Task to complete → Which lines run from the one containing "Dentist in Lakeview" to the end of the material below? Copy them exactly, pictures excluded.

Material to process →

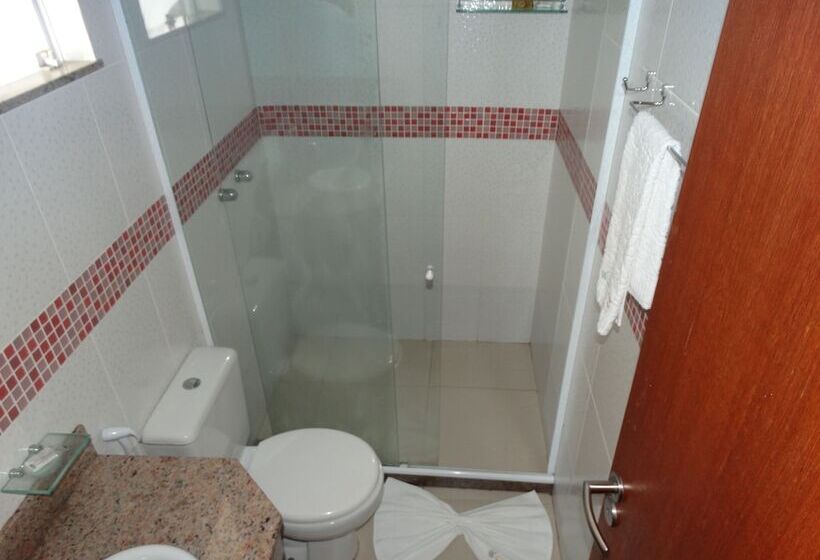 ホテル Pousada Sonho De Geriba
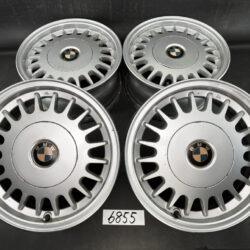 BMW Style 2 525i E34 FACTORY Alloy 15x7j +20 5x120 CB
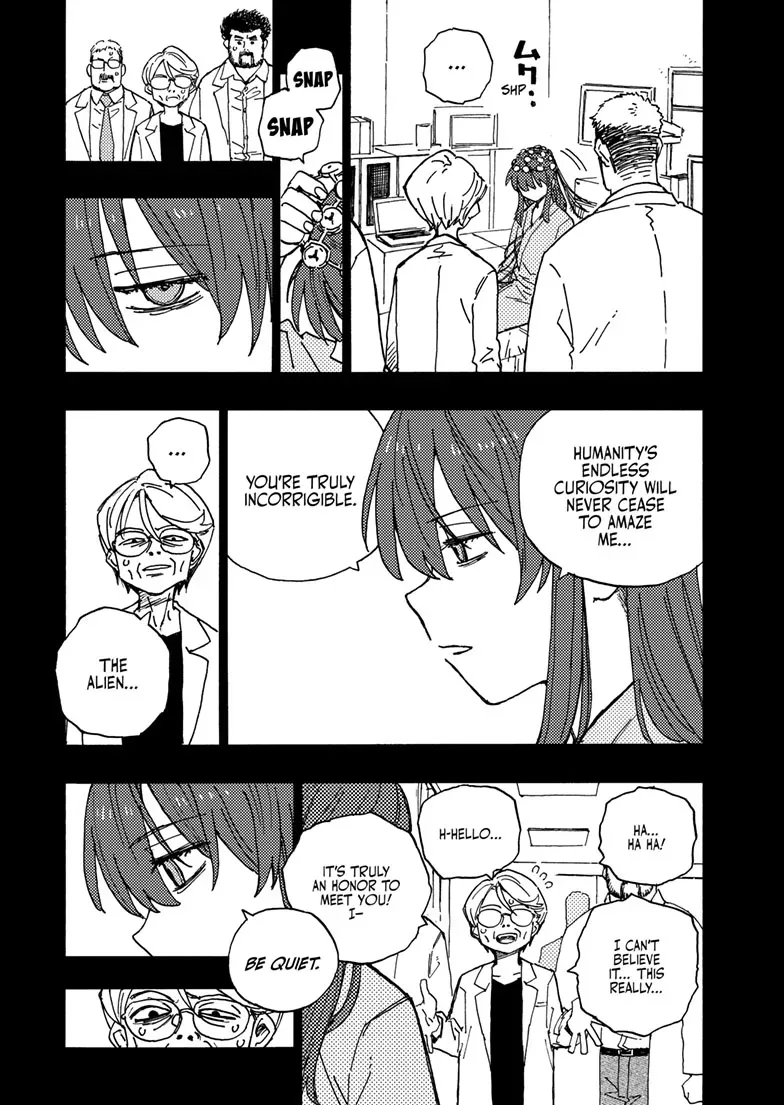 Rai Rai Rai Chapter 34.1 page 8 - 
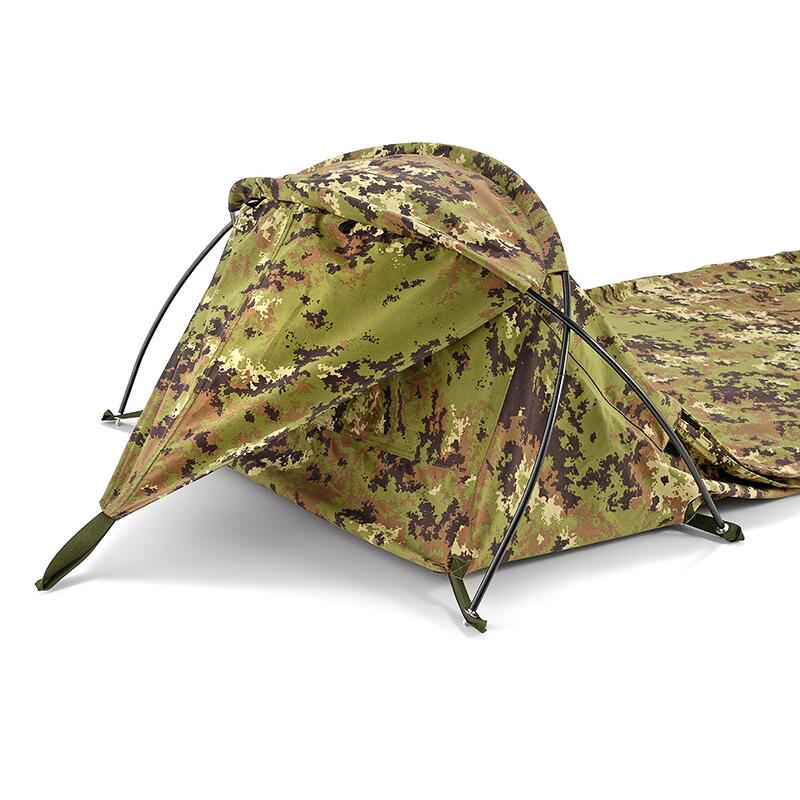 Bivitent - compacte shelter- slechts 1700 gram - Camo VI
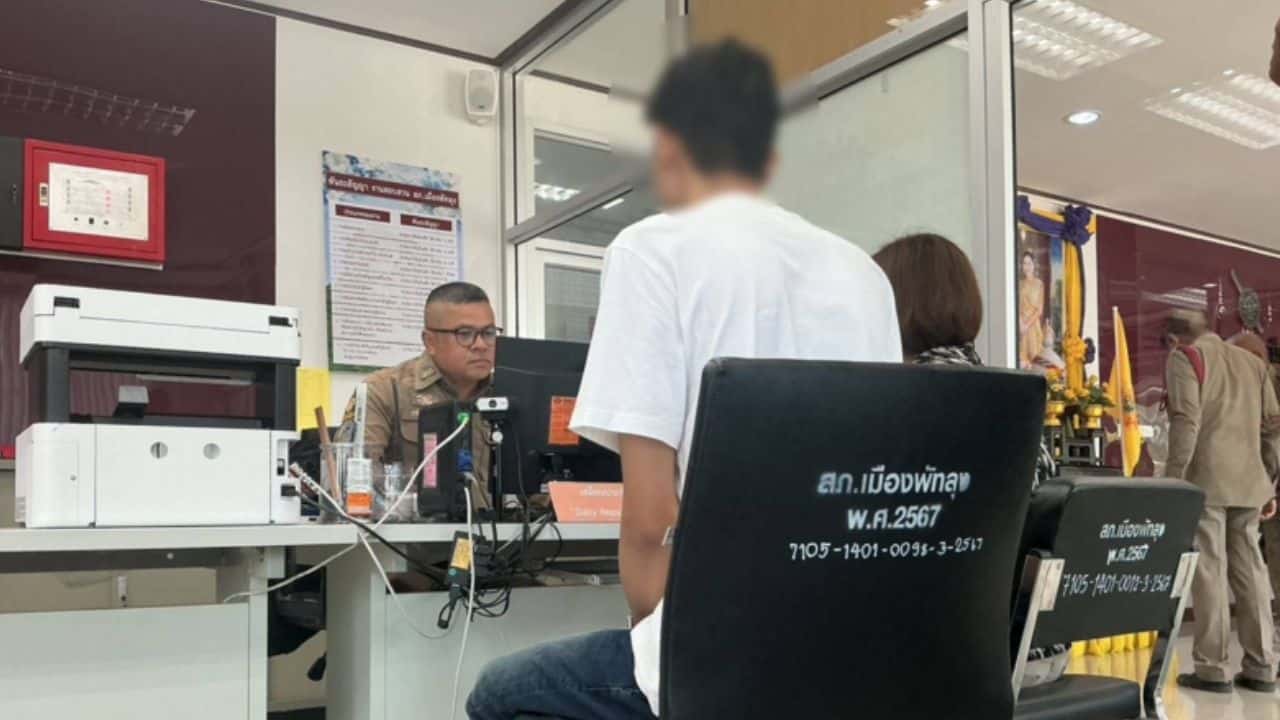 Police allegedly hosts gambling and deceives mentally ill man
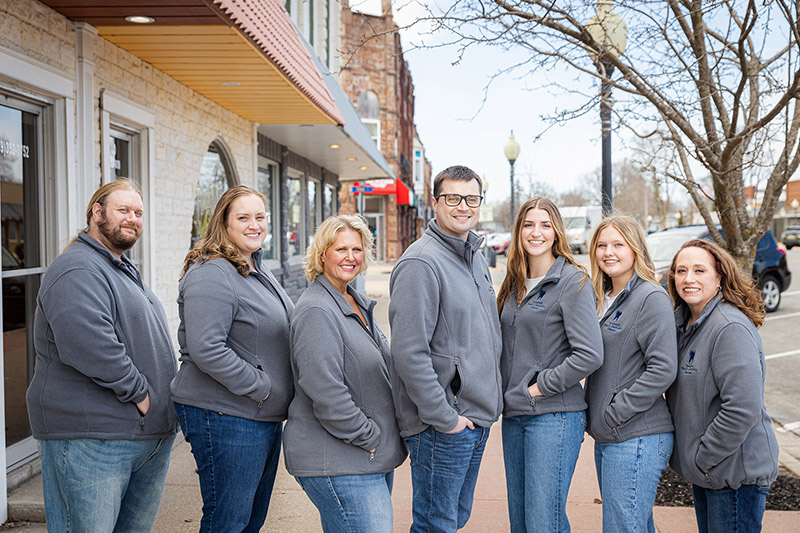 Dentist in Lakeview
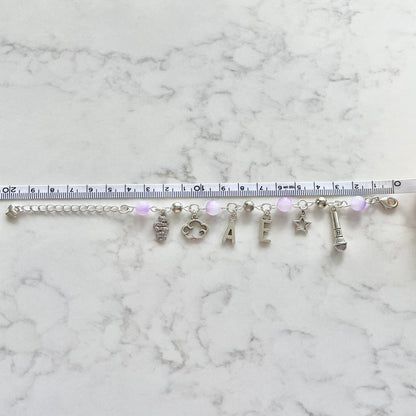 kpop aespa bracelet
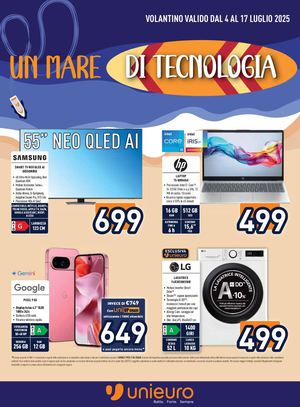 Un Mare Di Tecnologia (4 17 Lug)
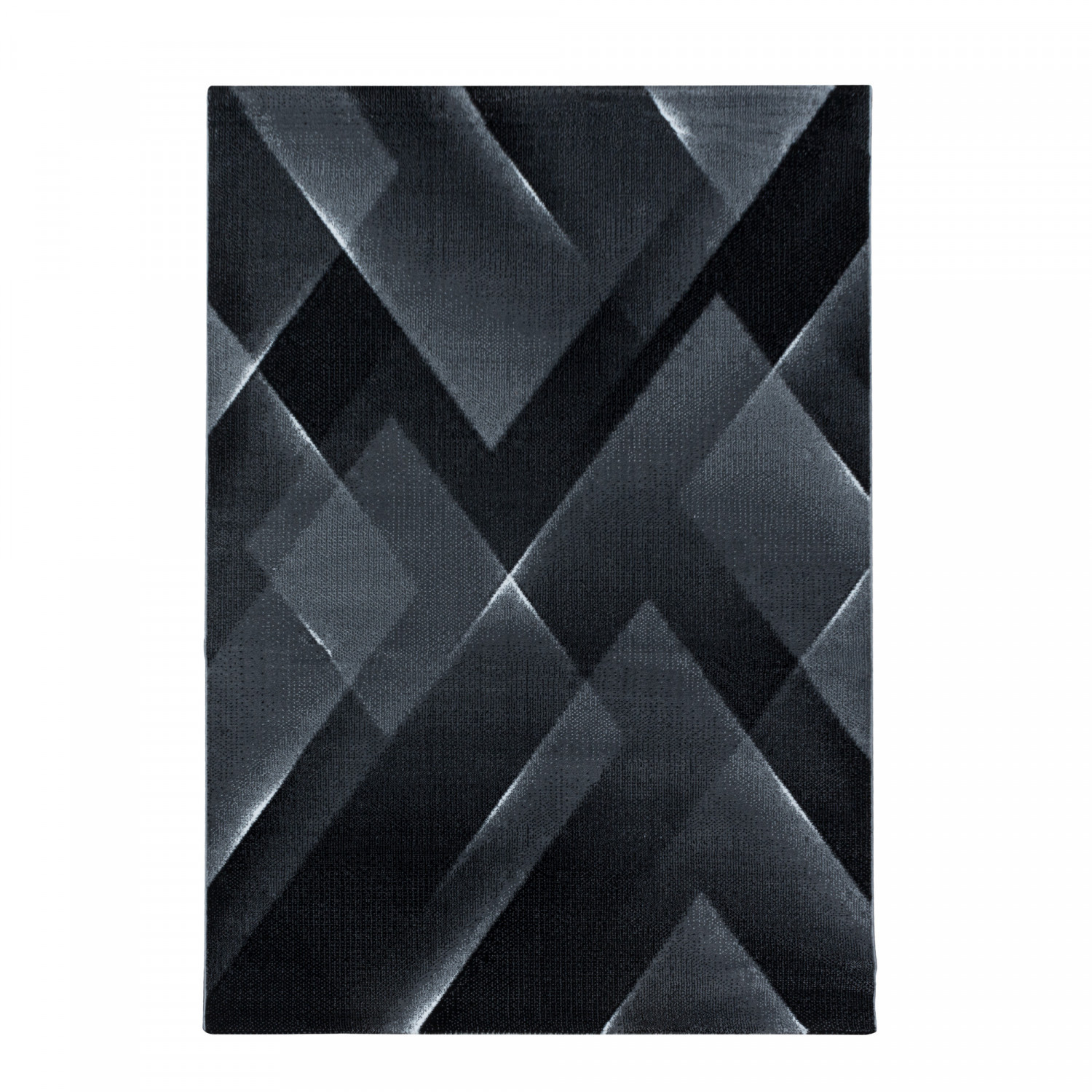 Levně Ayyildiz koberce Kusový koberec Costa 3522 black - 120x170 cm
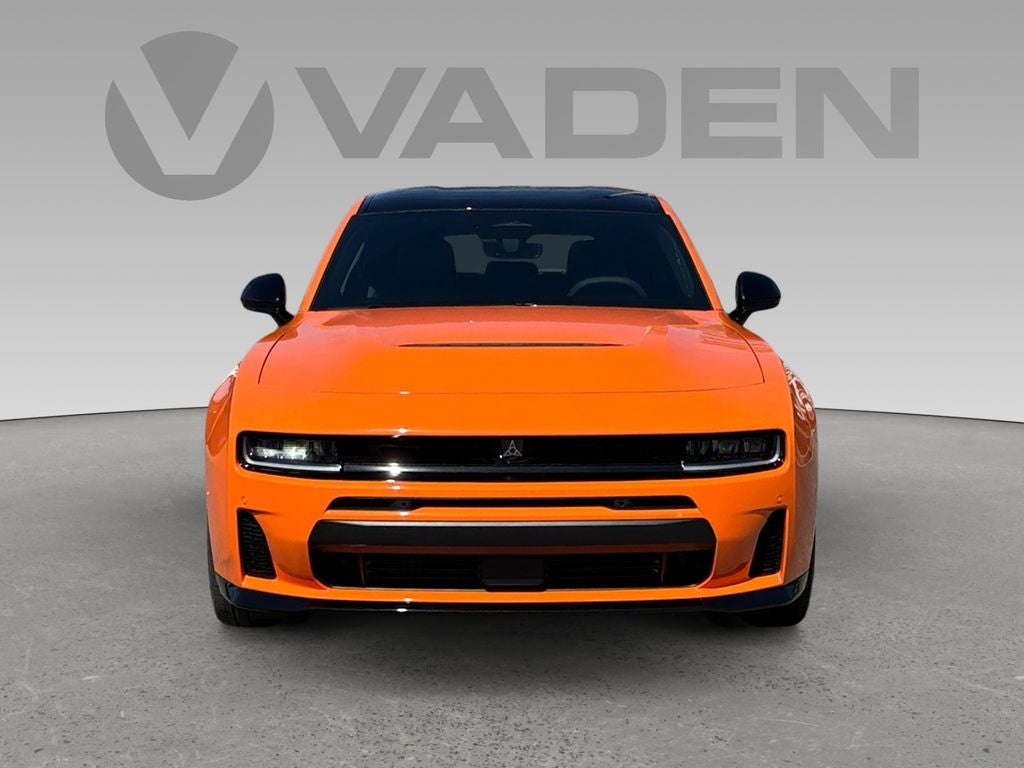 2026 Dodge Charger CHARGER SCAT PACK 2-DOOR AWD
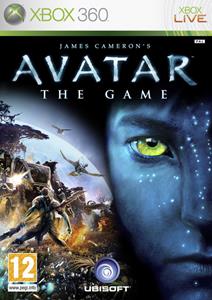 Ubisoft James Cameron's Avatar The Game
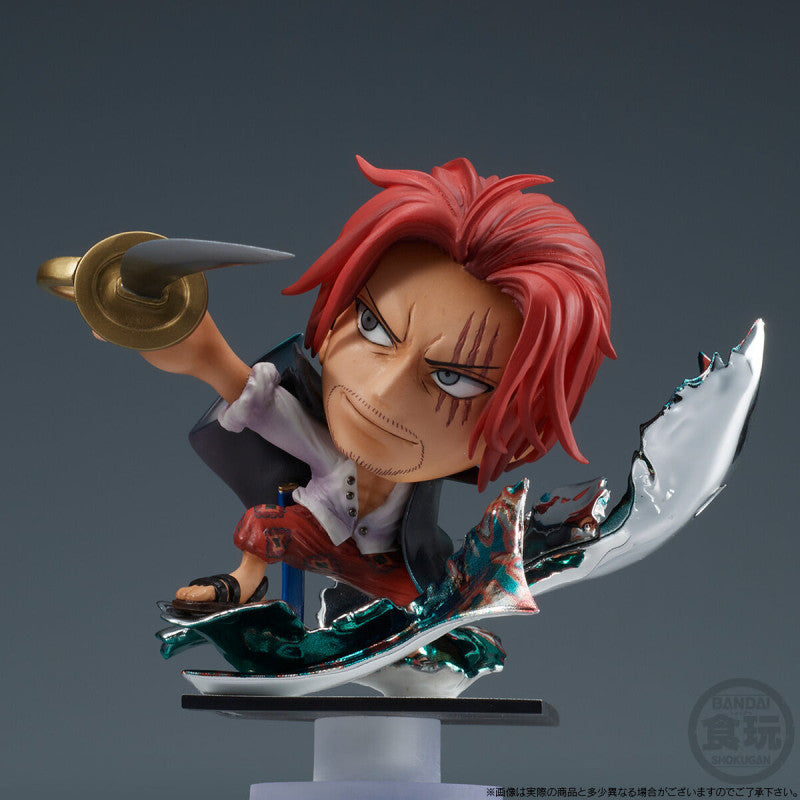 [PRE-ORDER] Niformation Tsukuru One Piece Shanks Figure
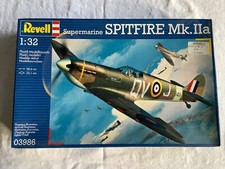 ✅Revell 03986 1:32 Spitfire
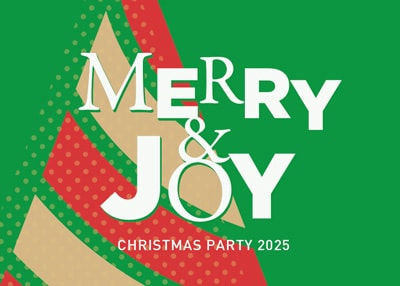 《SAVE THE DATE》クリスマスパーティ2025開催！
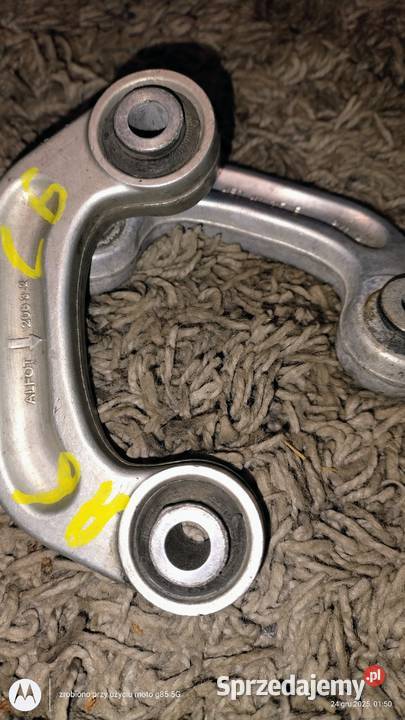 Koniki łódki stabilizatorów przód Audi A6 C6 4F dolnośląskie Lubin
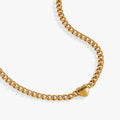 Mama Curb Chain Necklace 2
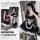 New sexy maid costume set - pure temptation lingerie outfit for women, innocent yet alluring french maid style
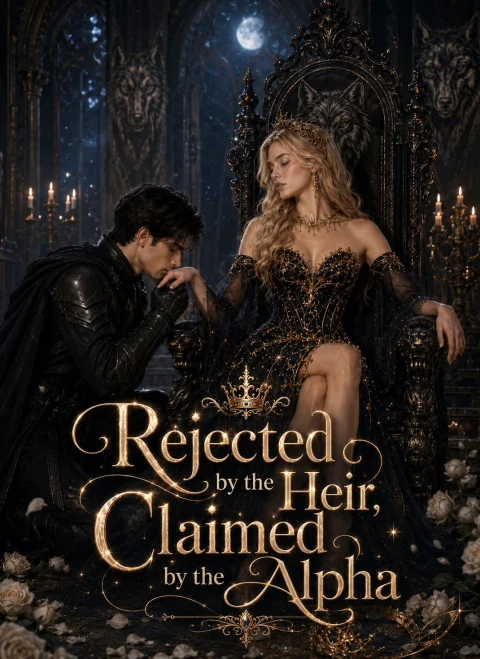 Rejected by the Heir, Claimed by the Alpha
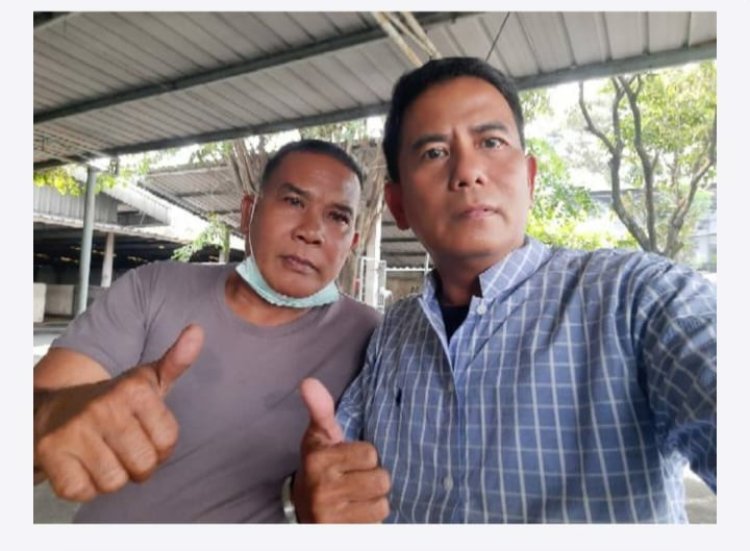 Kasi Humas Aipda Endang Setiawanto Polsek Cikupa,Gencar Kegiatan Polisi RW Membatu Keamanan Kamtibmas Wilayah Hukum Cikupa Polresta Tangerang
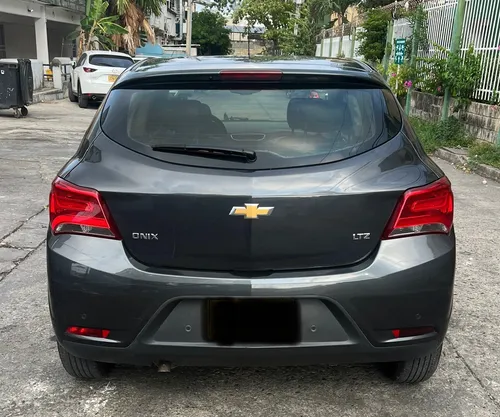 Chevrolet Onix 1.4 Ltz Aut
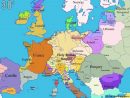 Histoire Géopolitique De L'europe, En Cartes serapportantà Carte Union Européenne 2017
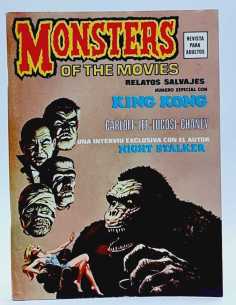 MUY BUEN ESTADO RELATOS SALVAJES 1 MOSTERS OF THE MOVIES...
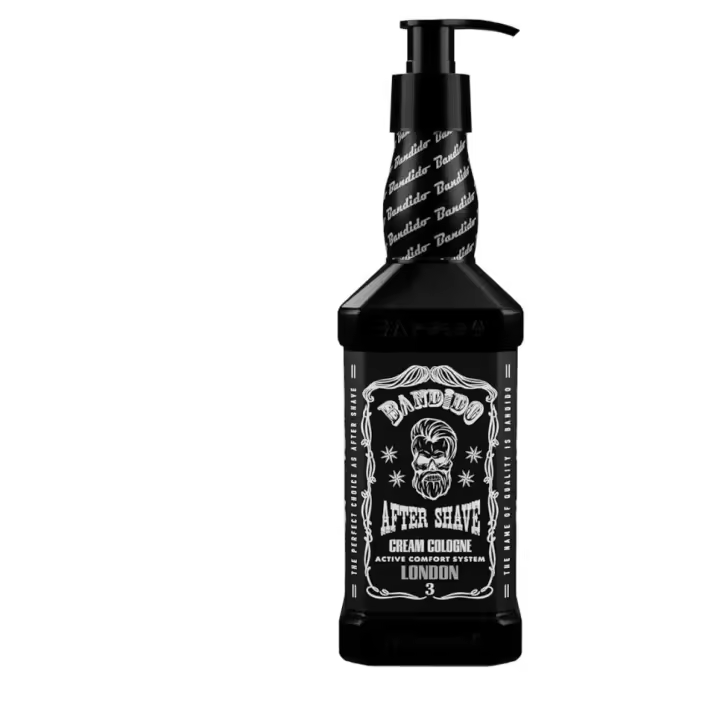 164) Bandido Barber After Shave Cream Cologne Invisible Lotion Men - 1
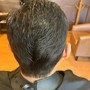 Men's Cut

Answer to this exercise →
 Dentist in Lakeview
 kpop aespa bracelet
 Un Mare Di Tecnologia (4 17 Lug)
 Levně Ayyildiz koberce Kusový koberec Costa 3522 black - 120x170 cm
 2026 Dodge Charger CHARGER SCAT PACK 2-DOOR AWD
 Ubisoft James Cameron's Avatar The Game
 [PRE-ORDER] Niformation Tsukuru One Piece Shanks Figure
 ✅Revell 03986 1:32 Spitfire
 《SAVE THE DATE》クリスマスパーティ2025開催！
 Koniki łódki stabilizatorów przód Audi A6 C6 4F dolnośląskie Lubin
 Mama Curb Chain Necklace 2
 New sexy maid costume set - pure temptation lingerie outfit for women, innocent yet alluring french maid style
 Rejected by the Heir, Claimed by the Alpha
 Kasi Humas Aipda Endang Setiawanto Polsek Cikupa,Gencar Kegiatan Polisi RW Membatu Keamanan Kamtibmas Wilayah Hukum Cikupa Polresta Tangerang
 Chevrolet Onix 1.4 Ltz Aut
 Histoire Géopolitique De L'europe, En Cartes serapportantà Carte Union Européenne 2017
 MUY BUEN ESTADO RELATOS SALVAJES 1 MOSTERS OF THE MOVIES...
 164) Bandido Barber After Shave Cream Cologne Invisible Lotion Men - 1
 Men's Cut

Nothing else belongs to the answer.